Neunter Pollesch in Stuttgart

Stuttgart (dpa) - Ein Mann in hellem Anzug und rotem Hemd tänzelt über die Bühne. Er posiert. Zieht die Augenbrauen nach oben. Er wirft sich aufs Bett und wedelt mit den Beinen.

Im Hintergrund klingt eine Instrumentalversion des Coldplay-Hits „Viva la Vida“. Mehr geschieht nicht, eine ganze Zeit lang - das Publikum in Stuttgart belohnt die skurrile Komik am Freitag mit Szenenapplaus.

Über weite Strecken von René Polleschs neustem Stück „Die Revolver der Überschüsse“ ist es aber damit beschäftigt, dem in irrsinnigem Tempo vorgetragenen Textfeuerwerk zu folgen. Vier Protagonisten und eine scheinbar außer Kontrolle geratene Drehbühne — von Janina Audick im Stile des russischen Konstruktivismus gestaltet — wirbeln 75 Minuten lang Chronologie, Raum, Personen, Handlung und Themen durcheinander. Ein echter Pollesch eben.

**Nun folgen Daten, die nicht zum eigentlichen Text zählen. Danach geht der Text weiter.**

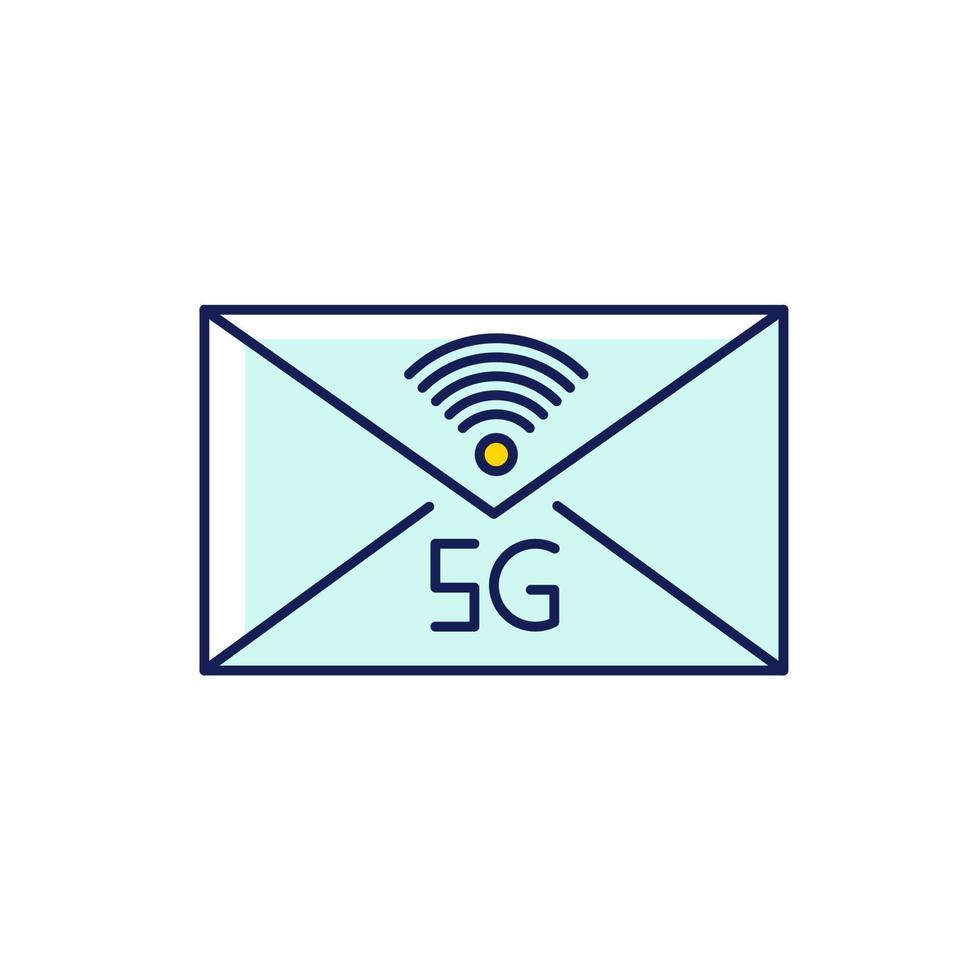 5G envelope RGB color icon vector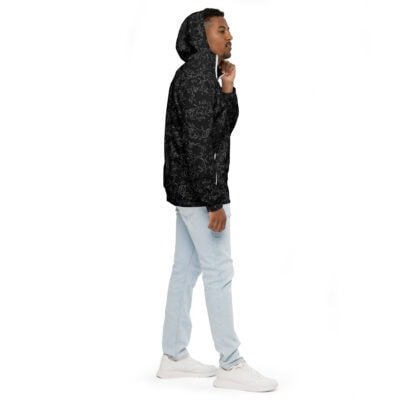 men’s windbreaker black crystal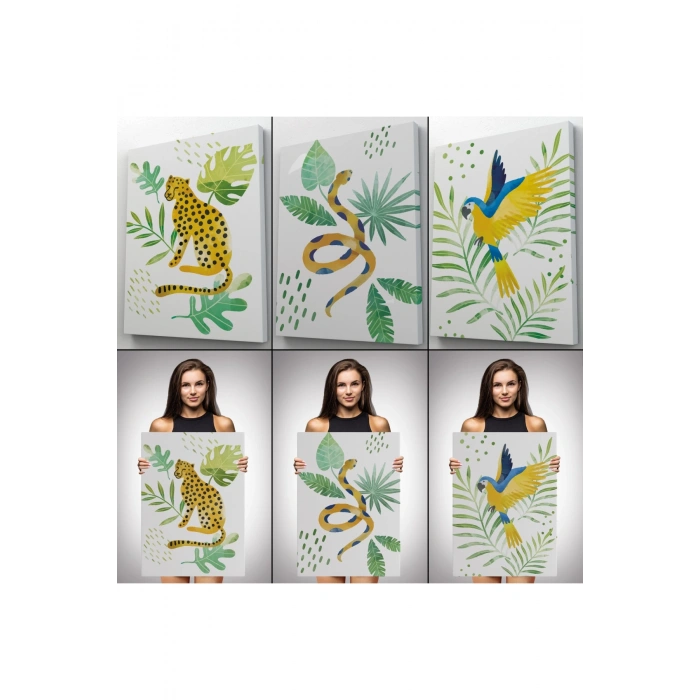 3’lü Tablo Vahşi Hayvanlar Temalı Koleksiyon Dekoratif Şık ve Modern Duvar Tablo Seti-AY-24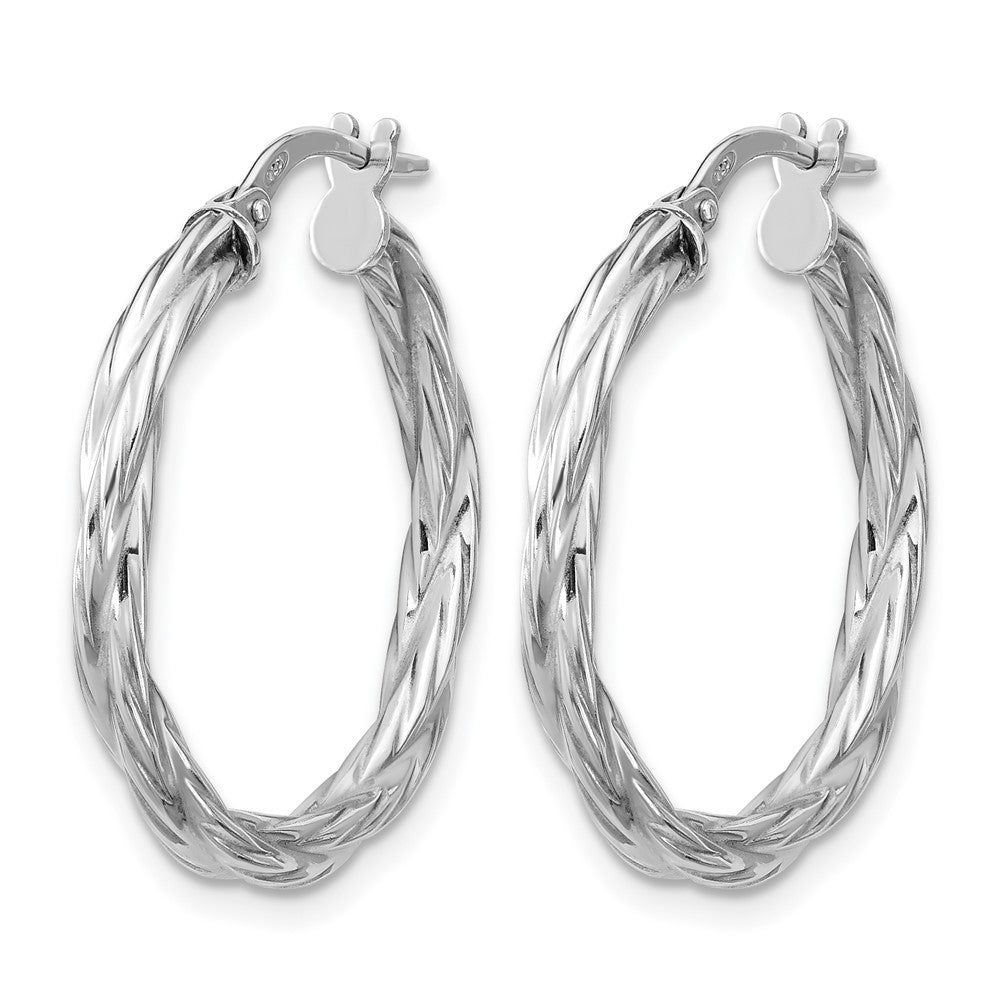 Sterling Silver RH-plated Polished Twisted Hoop Earrings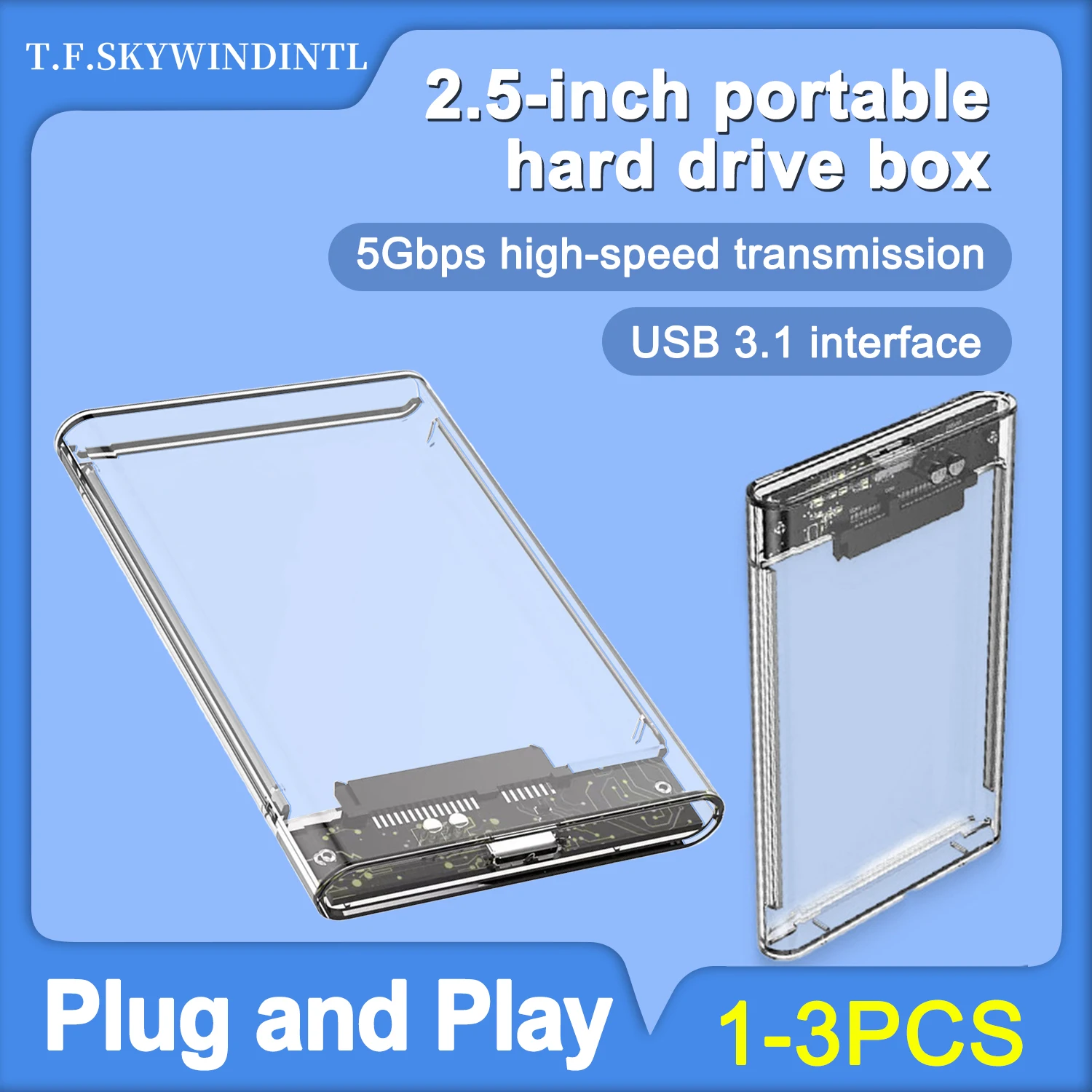Transparent HDD Case Caddy Box HDD Enclosure 2.5 SSD SATA To USB 3.0 USB 3.1 USB2.0 Adapter External Hard Drive Box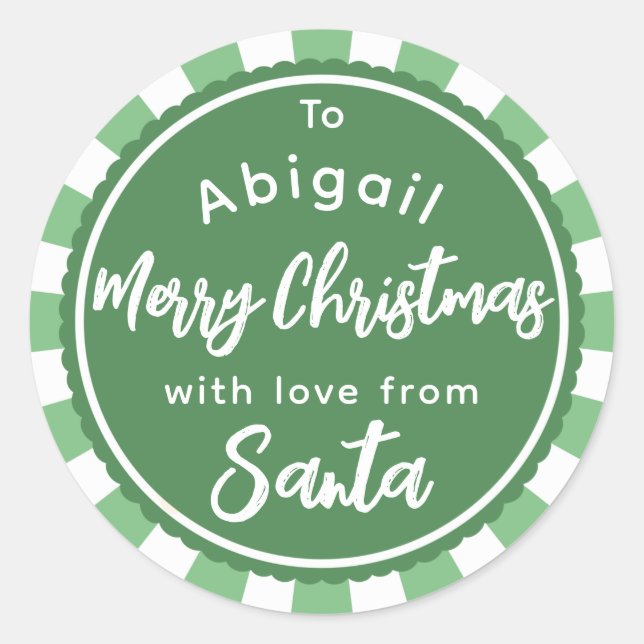 Lixado verde do adesivo de presentes de Papais noe (Frente)
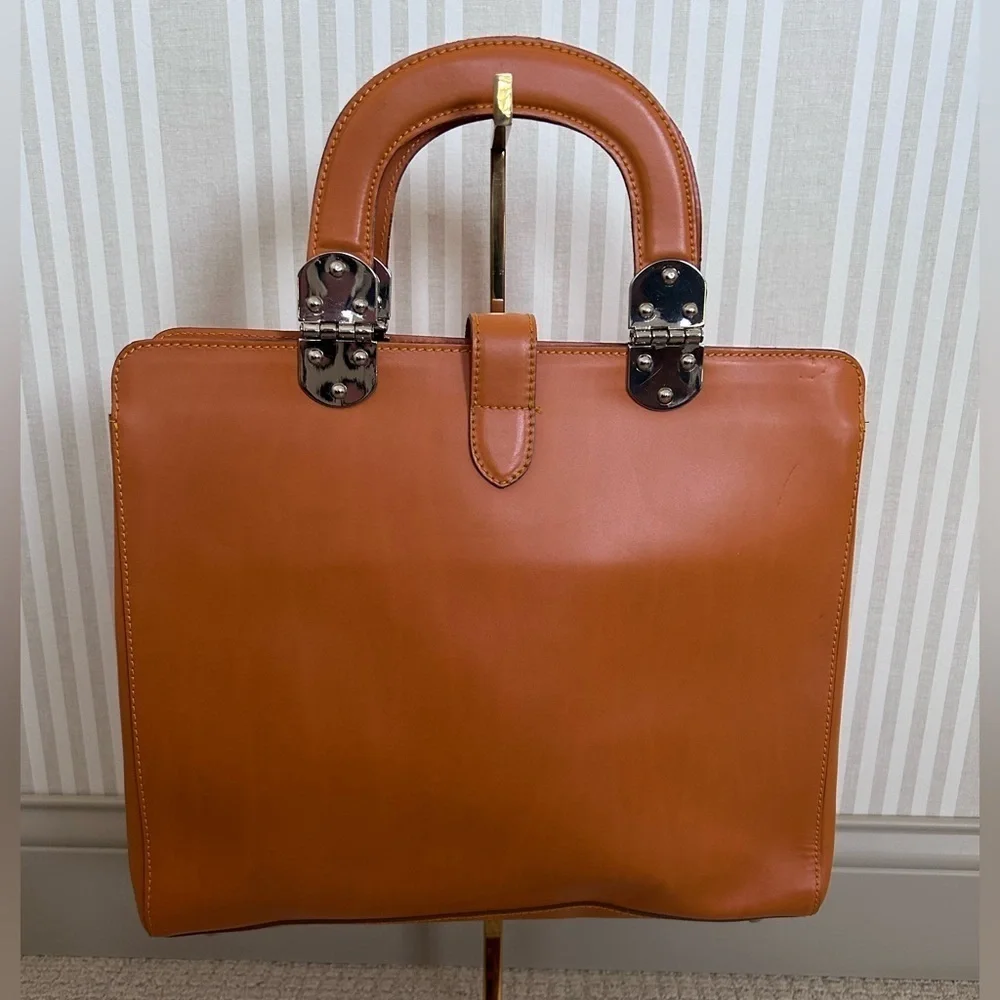 Nardelli Genuine Leather Made in Italy Orange Leather Top Handle Handbag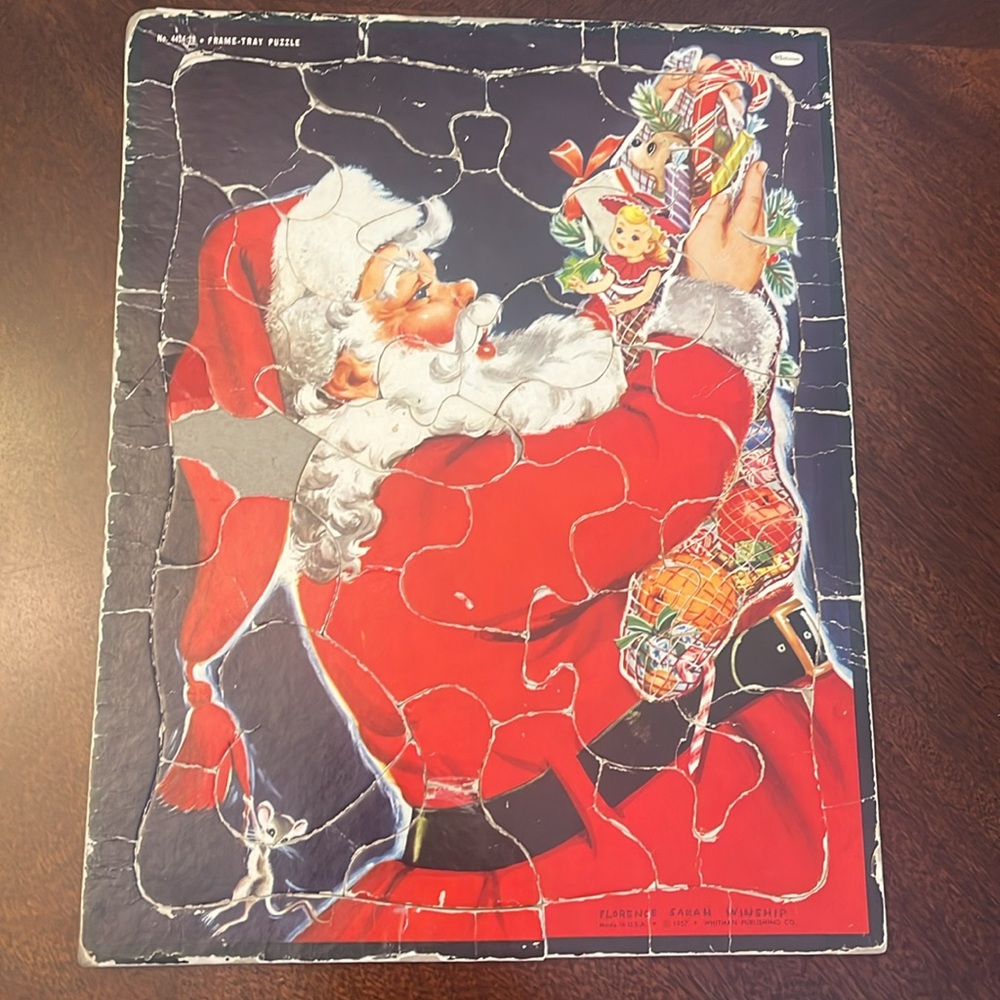 Vintage 1957 Santa Tray Puzzle. Whitman Publishing; Florence Sarah Winship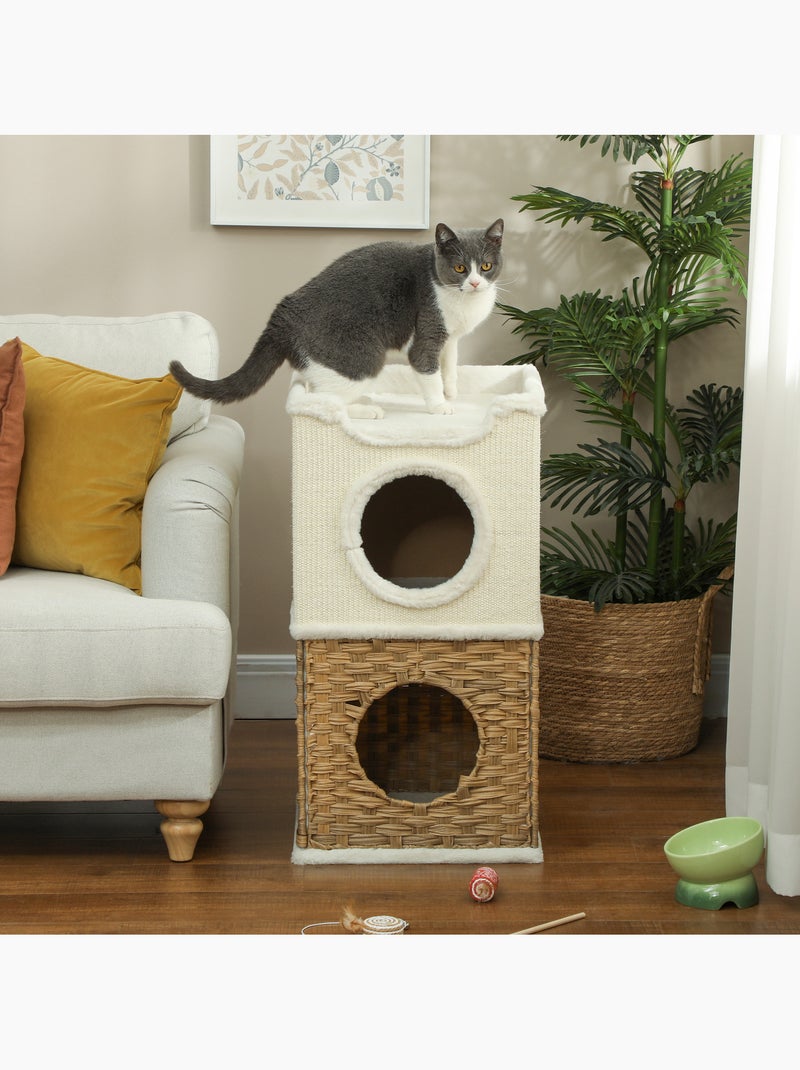 Tour à griffer pour chat 3 niveaux 2 niches panier observation Beige - Kiabi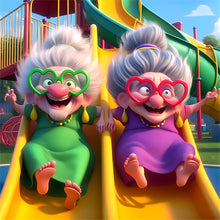 Load image into Gallery viewer, Funny Grandma-Full Round Diamond Painting-30x30cm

Es geht unter anderem um Liebe - wie immer bei Pollesch, der bereits zum neunten Mal in Stuttgart inszeniert, mit philosophischem Überbau. Michel Foucaults Ideen spielen eine Rolle, der Titel ist Robert Pfaller entliehen und Theodor W. Adorno dient nicht nur als Vorlage fürs Wortspiel („J'adorno“). Die bürgerliche Gesellschaft reguliere alles - nur in der Liebe fordere sie Spontaneität.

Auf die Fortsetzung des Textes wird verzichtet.